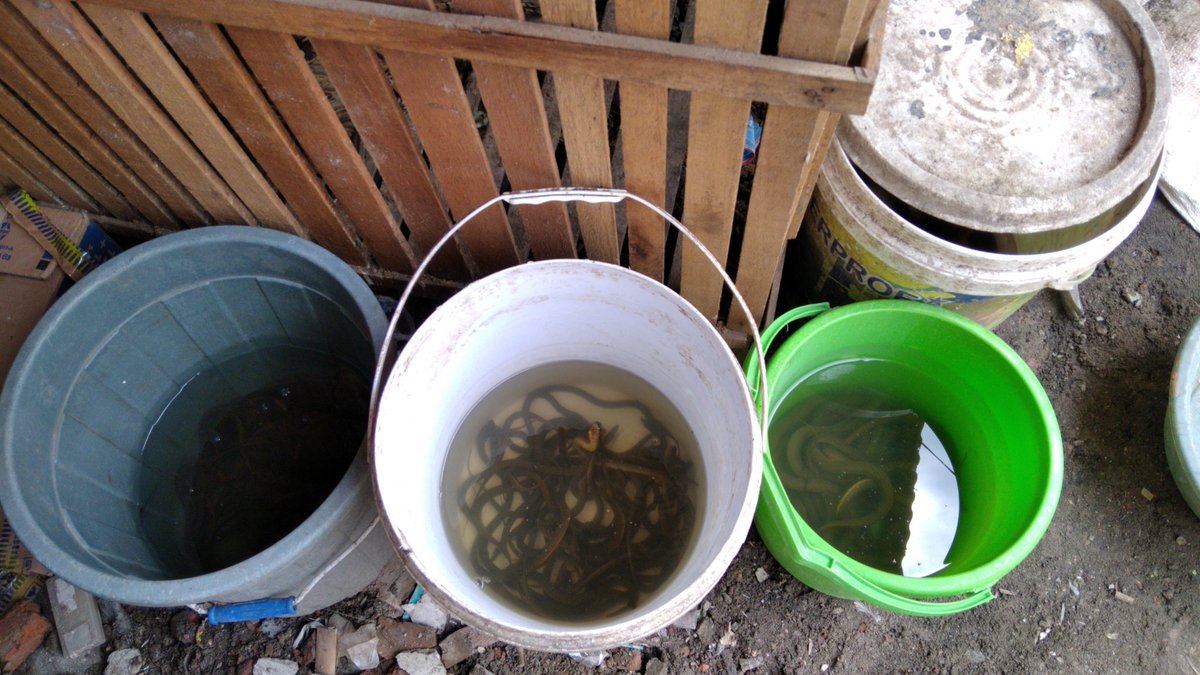Ade_Rifai15's tweet photo. Di farm ku ada penghuni baru, belut dan ular yay. https://t.co/fkT9nwQ3Hg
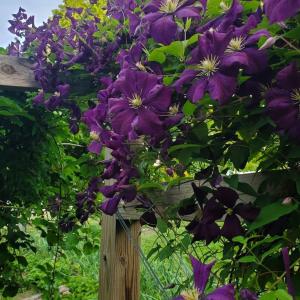 735451e9-22ab-47a3-8b89-08c34fecb49a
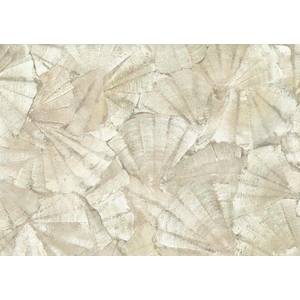 Ταπετσαρία Τοίχου J&V  Lithos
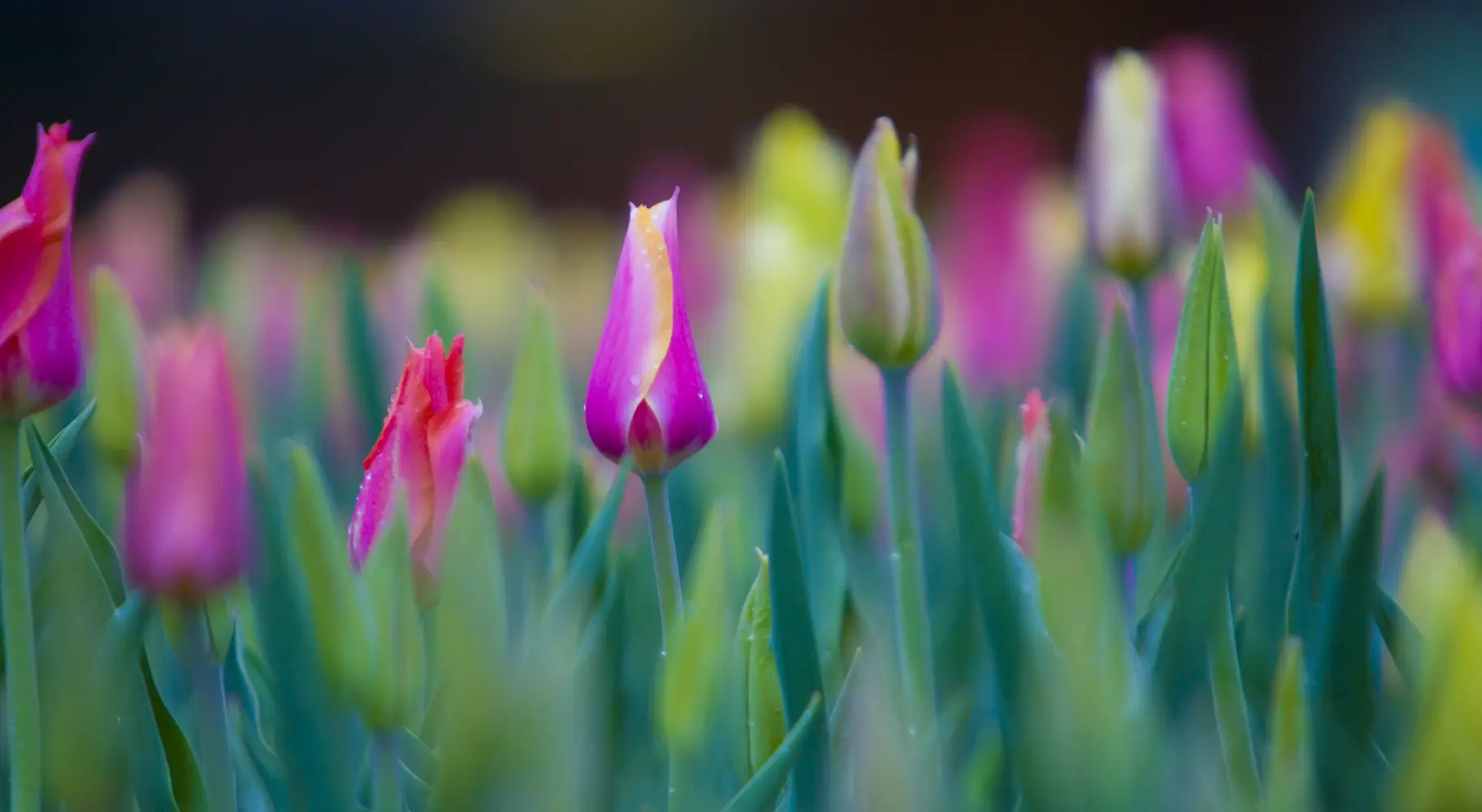 Tulipani in primo piano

· · ·

Problem to solve:
Pictures are to be dropped, and the remaining data set down exactly.

Your solution:
Ade_Rifai15's tweet photo. Di farm ku ada penghuni baru, belut dan ular yay. https://t.co/fkT9nwQ3Hg
 735451e9-22ab-47a3-8b89-08c34fecb49a
 Ταπετσαρία Τοίχου J&V  Lithos
 Tulipani in primo piano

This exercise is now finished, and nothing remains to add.